- **Goal of the exercise**:
Only the text belongs in the copy. Transcribe the data exactly and drop any pictures.

- **Data provided**:
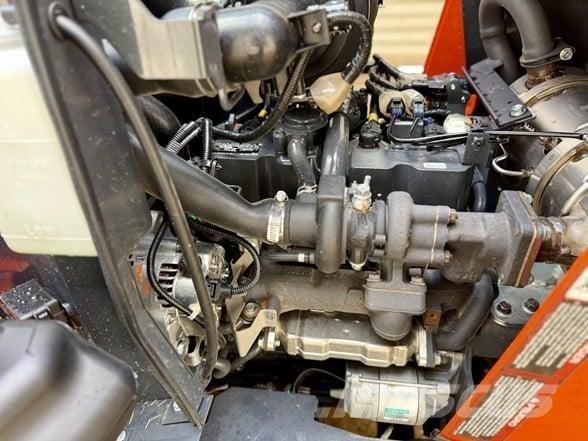 Kubota ZD1611 Corta-Relvas Zero turn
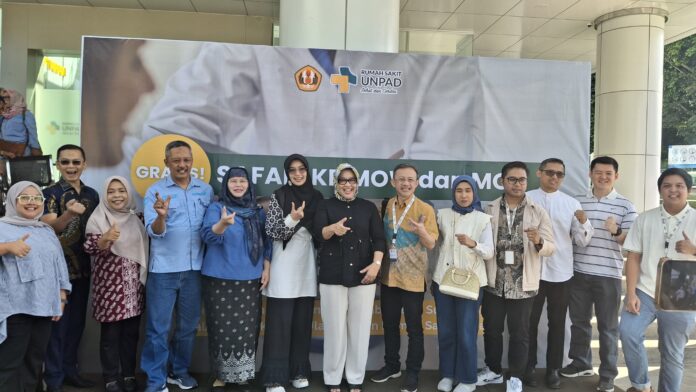 Dalam HUT ke-1 RS Unpad, Doksis dan tim berfoto bersama para dokter RS Unpad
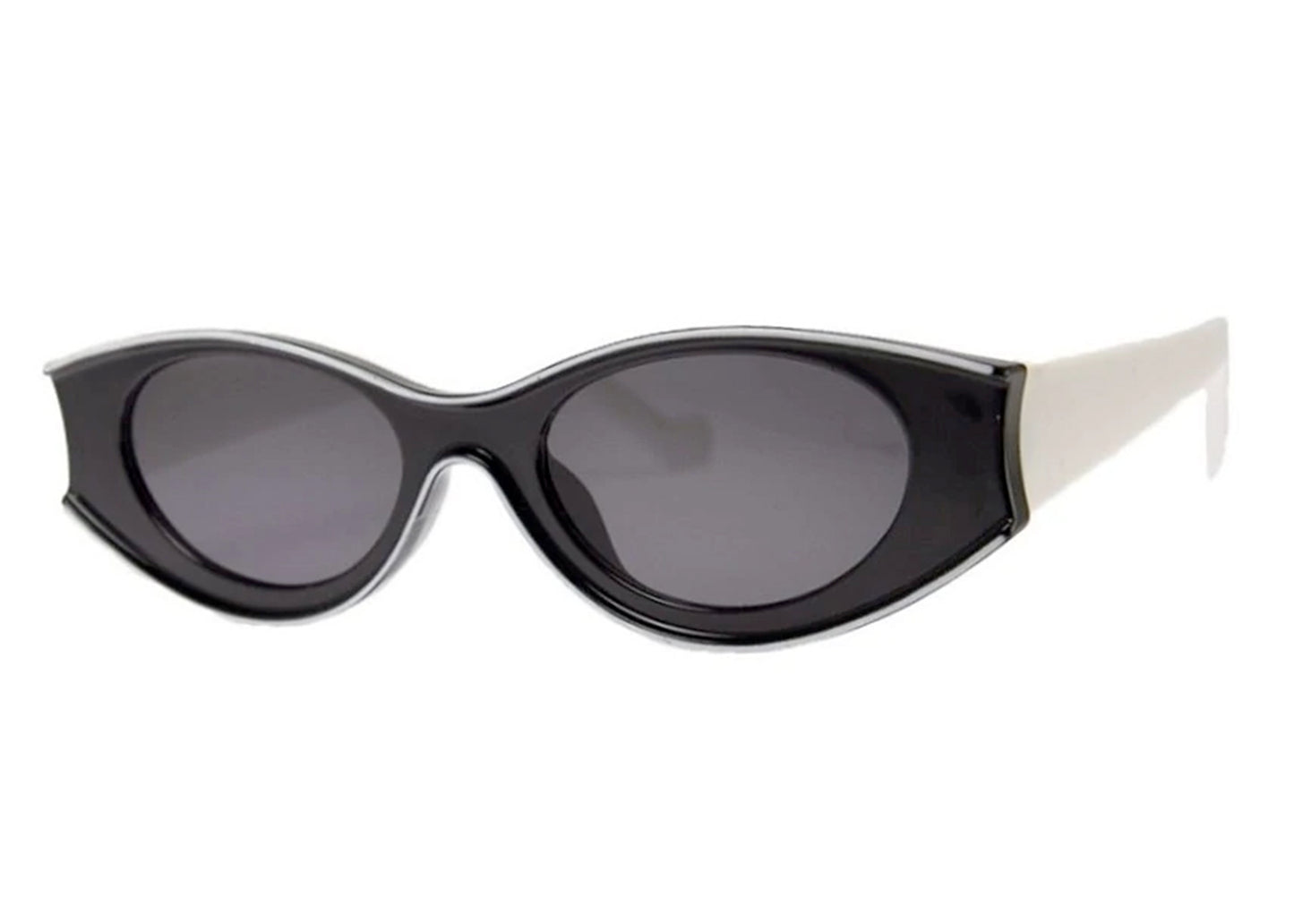 Tongu Sunglasses in Black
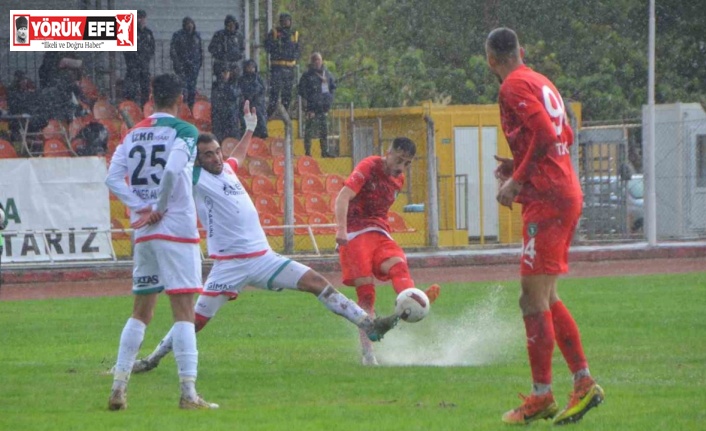 TFF 3. Lig: Efeler 09 SFK: 2 - Karşıyaka: 3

- **Reply to the exercise**:
 Kubota ZD1611 Corta-Relvas Zero turn
 Dalam HUT ke-1 RS Unpad, Doksis dan tim berfoto bersama para dokter RS Unpad
 Tongu Sunglasses in Black
 TFF 3. Lig: Efeler 09 SFK: 2 - Karşıyaka: 3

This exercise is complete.